If we do not successfully anticipate market needs and develop products and product
enhancements that meet those needs, or if those products do not gain market acceptance, we may not
be able to compete effectively and our ability to generate revenues will suffer.
We cannot guarantee that we will be able to anticipate future market needs or be able to
develop new products or product enhancements to meet such needs or to meet them in a timely manner.
If we fail to anticipate the market requirements or to develop new products or product enhancements
to meet those needs, such failure could substantially decrease market acceptance and sales of our
present and future products, which would significantly harm our business and financial results.

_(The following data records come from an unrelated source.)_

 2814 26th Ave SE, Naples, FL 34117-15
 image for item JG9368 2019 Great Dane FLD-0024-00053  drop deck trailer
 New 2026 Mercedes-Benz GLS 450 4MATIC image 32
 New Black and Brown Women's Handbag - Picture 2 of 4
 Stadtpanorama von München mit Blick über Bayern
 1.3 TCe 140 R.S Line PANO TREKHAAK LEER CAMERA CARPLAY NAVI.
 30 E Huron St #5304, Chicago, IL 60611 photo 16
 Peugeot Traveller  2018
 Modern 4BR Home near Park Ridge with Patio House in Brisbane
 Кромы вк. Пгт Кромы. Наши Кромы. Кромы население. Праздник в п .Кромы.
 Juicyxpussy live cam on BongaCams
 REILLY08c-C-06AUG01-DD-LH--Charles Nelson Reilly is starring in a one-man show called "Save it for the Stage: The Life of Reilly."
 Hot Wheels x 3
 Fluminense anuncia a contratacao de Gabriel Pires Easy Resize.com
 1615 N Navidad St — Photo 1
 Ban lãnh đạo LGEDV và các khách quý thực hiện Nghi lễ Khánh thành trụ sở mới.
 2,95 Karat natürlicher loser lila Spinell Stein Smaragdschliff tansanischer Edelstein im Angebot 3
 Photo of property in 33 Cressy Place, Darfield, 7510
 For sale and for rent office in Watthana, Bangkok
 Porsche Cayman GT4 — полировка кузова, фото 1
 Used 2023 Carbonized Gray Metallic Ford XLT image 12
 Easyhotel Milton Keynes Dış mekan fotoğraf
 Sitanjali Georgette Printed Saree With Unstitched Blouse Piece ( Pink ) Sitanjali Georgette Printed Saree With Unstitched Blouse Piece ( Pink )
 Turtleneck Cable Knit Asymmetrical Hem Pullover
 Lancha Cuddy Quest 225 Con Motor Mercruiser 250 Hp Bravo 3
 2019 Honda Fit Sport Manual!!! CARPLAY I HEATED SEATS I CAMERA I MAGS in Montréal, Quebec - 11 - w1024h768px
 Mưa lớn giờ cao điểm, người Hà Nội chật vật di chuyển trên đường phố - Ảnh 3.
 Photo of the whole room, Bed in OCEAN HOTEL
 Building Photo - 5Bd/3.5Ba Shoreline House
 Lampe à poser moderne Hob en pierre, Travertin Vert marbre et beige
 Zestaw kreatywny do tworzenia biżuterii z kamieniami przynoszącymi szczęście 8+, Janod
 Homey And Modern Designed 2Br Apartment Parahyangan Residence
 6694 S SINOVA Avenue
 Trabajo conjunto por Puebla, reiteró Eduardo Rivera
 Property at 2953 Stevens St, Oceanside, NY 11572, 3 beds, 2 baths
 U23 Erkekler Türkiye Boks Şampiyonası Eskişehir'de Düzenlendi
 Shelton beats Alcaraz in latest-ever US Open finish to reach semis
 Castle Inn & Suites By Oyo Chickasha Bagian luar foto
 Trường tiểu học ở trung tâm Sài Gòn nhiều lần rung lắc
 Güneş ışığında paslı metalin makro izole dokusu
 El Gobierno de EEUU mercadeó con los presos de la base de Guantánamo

Even if we are able to anticipate, develop and commercially introduce new products and
enhancements, there can be no assurance that new products or enhancements will achieve widespread
market acceptance. Any failure of our products to achieve market acceptance could adversely affect
our business and financial results.
If our products do not interoperate with our customers networks, installations will be
delayed or cancelled and could harm our business.
Our products are designed to interface with our customers existing networks, each of which
have different specifications and utilize multiple protocol standards and products from other
vendors. Many of our customers networks contain multiple generations of products that have been
added over time as these networks have grown and evolved. Our products will be required to
interoperate with many or all of the products within these networks as well as future products in
order to meet our customers requirements. If we find errors in the existing software or defects in
the hardware used in our customers networks, we may have to modify our software or hardware to fix
or overcome these errors so that our products will interoperate and scale with the existing
software and hardware, which could be costly and negatively impact our operating results. In
addition, if our products do not interoperate with those of our customers networks, demand for our
products could be adversely affected, orders for our products could be cancelled or our products
could be returned. This could hurt our operating results, damage our reputation and seriously harm
our business and prospects.
15
Litigation or claims regarding intellectual property rights may be time consuming, expensive
and require a significant amount of resources to prosecute, defend or make our products
non-infringing.
Third parties have asserted and may in the future assert claims or initiate litigation related
to exclusive patent, copyright, trademark and other intellectual property rights to technologies
and related standards that are relevant to our products. For example, in 2003, Toshiba Corporation
filed a lawsuit against us, alleging that our products infringe certain Toshiba patents. The
asserted claims and/or initiated litigation may include claims against us or our manufacturers,
suppliers or customers, alleging infringement of their proprietary rights with respect to our
products. Regardless of the merit of these claims, they can be time-consuming, result in costly
litigation and may require us to develop non-infringing technologies or enter into license
agreements. Furthermore, because of the potential for high awards of damages or injunctive relief
that are not necessarily predictable, even arguably unmeritorious claims may be settled for
significant amounts of money. If any infringement or other intellectual property claim made against
us by any third party is successful, if we are required to settle litigation for significant
amounts of money, or if we fail to develop non-infringing technology or license required
proprietary rights on commercially reasonable terms and conditions, our business, operating results
and financial condition could be materially and adversely affected.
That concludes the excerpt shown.